Comment by lores
1 year ago
It's trivial to consider any event that did not specify a time zone to happen at local time, wherever that is, and not change its time when the phone's zone changes. Business software will set a zone, self-entered or casual appointments won't, so that matches usage. At worst, display a warning sign on the calendar entry. The default is "do no harm", not "we didn't know you didn't mean us not to do harm".
”Trivial” as a description of datetime problems is a sign you haven’t thought about it enough. If I call my mom at 6pm every day to check on her, I don’t want that time to jump around as I visit New York. It is the same time for her not me. (I might actually want it to jump around when she visits New York!) Same for my plan to watch a football game, it won’t be rescheduled just because I’m watching from somewhere else.
Not trivial at all. How does the phone know what I meant if I’m not willing to specify?
The point is that it's far safer to assume that an unspecified time zone means 'local time wherever I am at the time of the appointment' than not. If I'm flying to Japan and meeting someone at 7pm, I'm going to make an appointment 'Izakaya at 7pm'. I definitely don't want the software to change that to 1am, and I cannot think of a use case where I would.
If you're in Istanbul, and you're going to meet at 7pm Izakaya time, why would you enter 7pm Istanbul time? Put 1am Istanbul time or, more sensibly, enter the appointment as 7pm Izakaya time.
I don't want my calendar changing appointment times on me. If I say 7pm when I'm in Istanbul, I expect it to alert at 7pm when I'm in Istanbul, 8pm if I'm in Dubai, 9pm if I'm in Karachi, and 1am if I'm in Izakaya. Entering it without a timezone should reasonably default to the timezone the calendar was in when the appointment was entered.

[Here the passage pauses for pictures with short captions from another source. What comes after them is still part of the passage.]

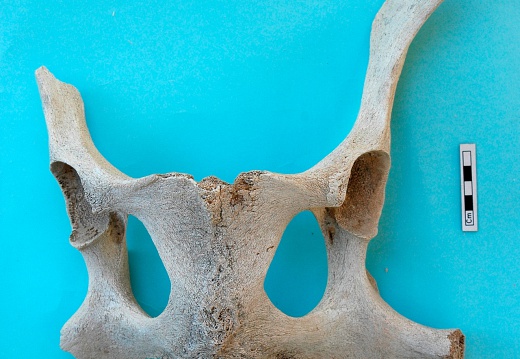 Pelvis : vue dorsale (18579 visites) Camelus dromedarius - AdulteCollection : Mission syro-japonaise d'Ain el-Kerkh (dir. Akira Tsuneki -... Pelvis : vue dorsale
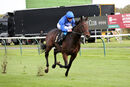 Race 1 - Adayar (13)
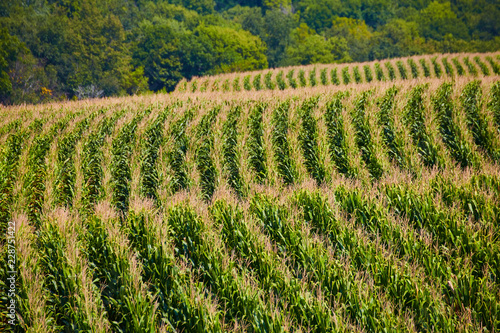 Endless Corn Fields Country Farms of Iowa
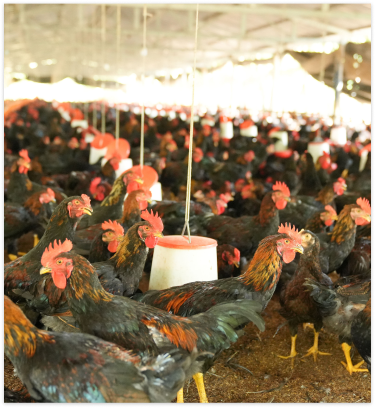 Nhà máy chế biến thức ăn chăn nuôi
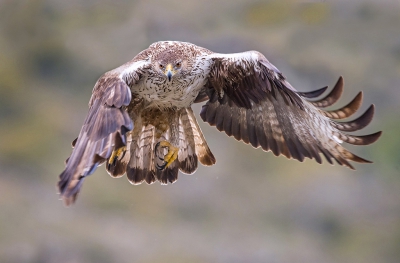 <i class='fa fa-user'></i> Rudi Debruyne |   Havikarend  <i class='fa fa-eye'> 502</i>  <i class='fa fa-thumbs-up'> 18</i>   <i class='fa fa-comment-o'> 12</i>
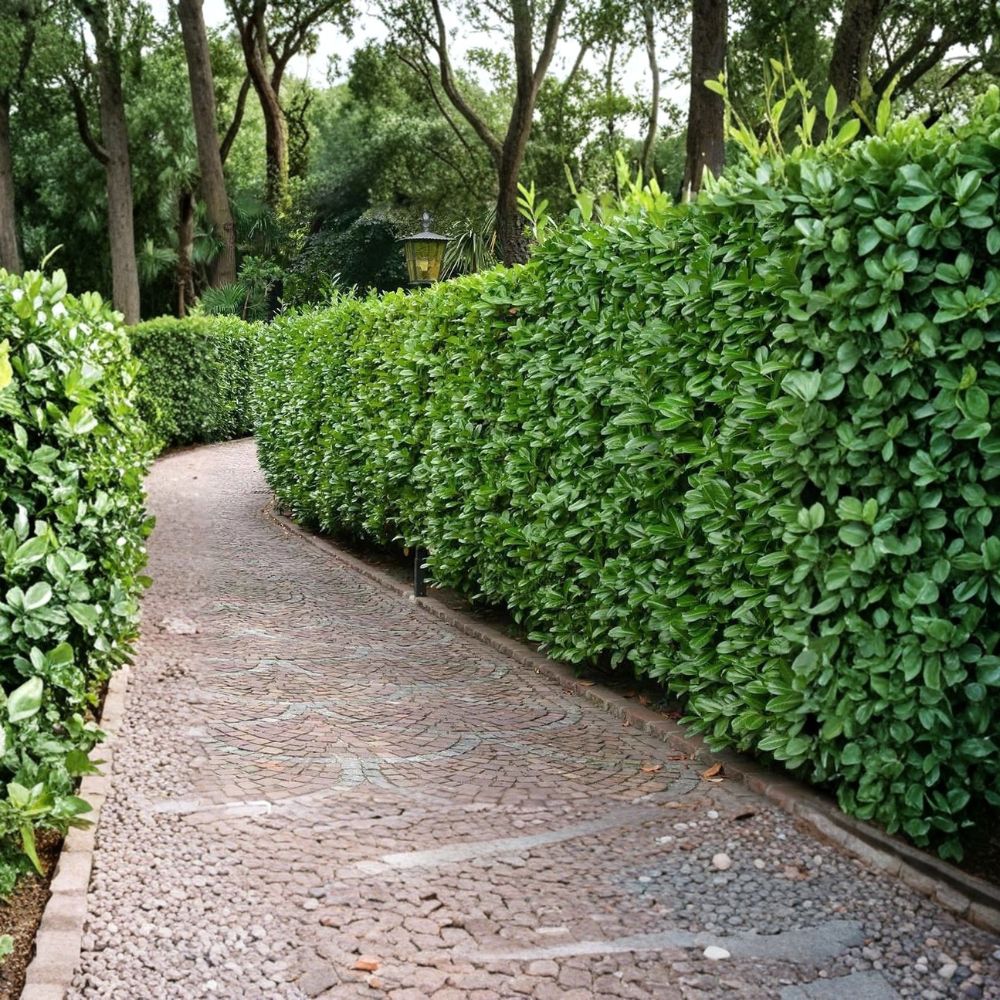 Carolina Laurel Seedlings – 5 Live Cherry Laurel Plants | Natural Grown Rooted Seedlings | Evergreen Privacy Hedge | Hardy Outdoor Plant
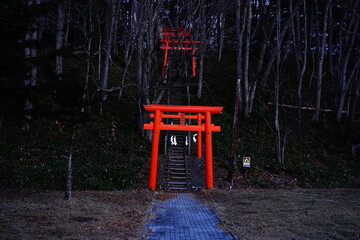 Torii of Inari Shrine and Hakuryu Shrine in Akan, Hokkaido, Japan - 日本 北海道 阿寒湖稲荷神社 鳥居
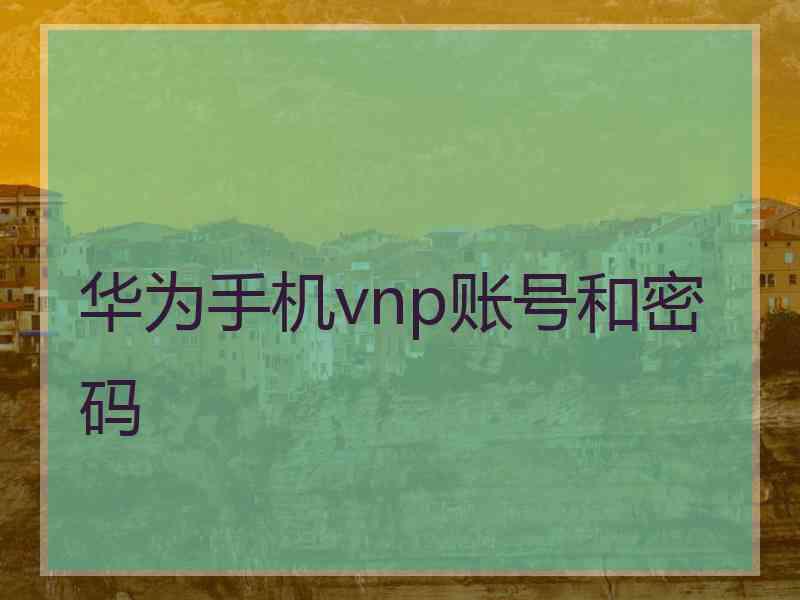 华为手机vnp账号和密码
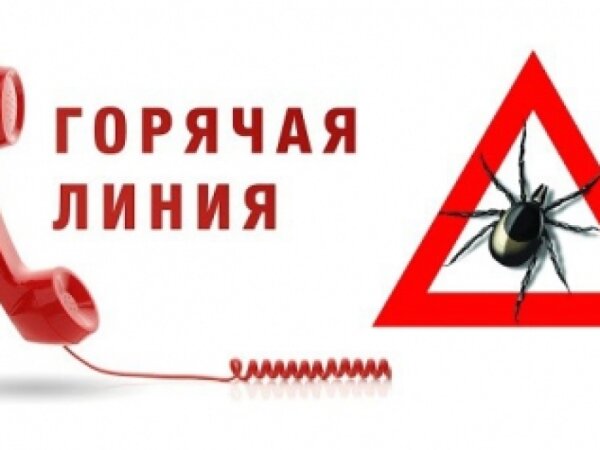 Открыта горячая линия профилактики клещевого вирусного энцефалита ⚡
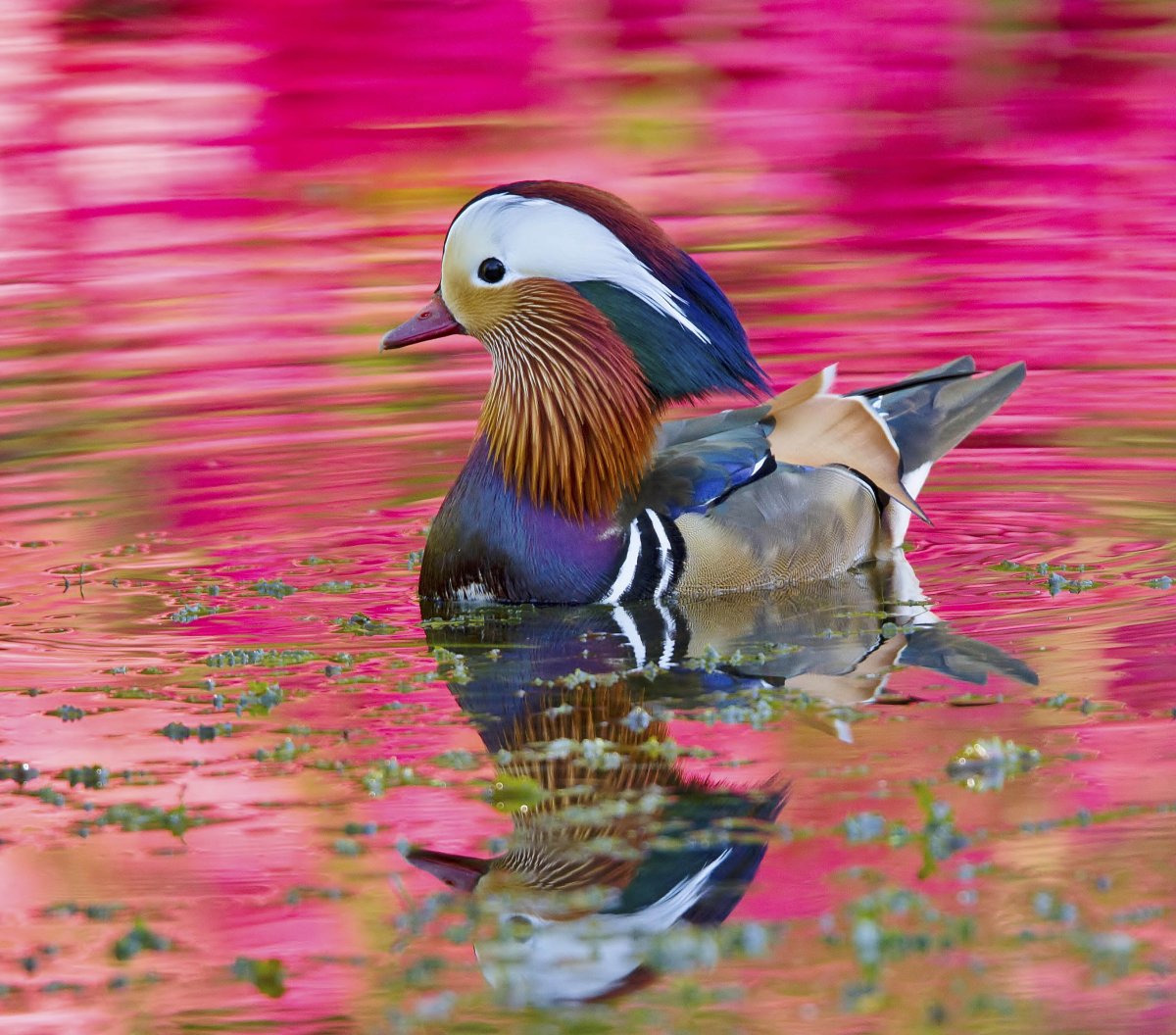 Утка Мандаринка красная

Let's take an example: suppose I have a calendar appointment to call my partner, at 7pm Istanbul time. I'm in Istanbul, and I enter 7pm with the "floating" scheduling method. Then, I travel to New Zealand, and at 7pm NZ time, alarm goes off, so I call my partner. Unfortunately, it is 9am in Istanbul, not 7pm: the floating screwed up the schedule. Including timezone in the appointment would have prevented this issue.
Let's take another example: you're in Istanbul, traveling to one of your company's remote offices in NZ for a week for a summit, and have your agenda set out in "floating" time according to NZ timezone. Then, a storm rolls in, and you can't fly out, so you'll attend the same appointments remotely. But now you must edit each and every appointment to reflect their new "floating" time according to Istanbul. Including timezone in the appointments would have prevented this issue.
2 replies →
What if I have two devices in different time zones? Should such an event show up at different times on each?
Yes, since it happens at a different local time at each.
Your 5pm London event happens when it's 12pm in NYC.
Yes. It stands to reason that you'll only see the ones where you actually are.
Yeah, probably. That's how time zones work.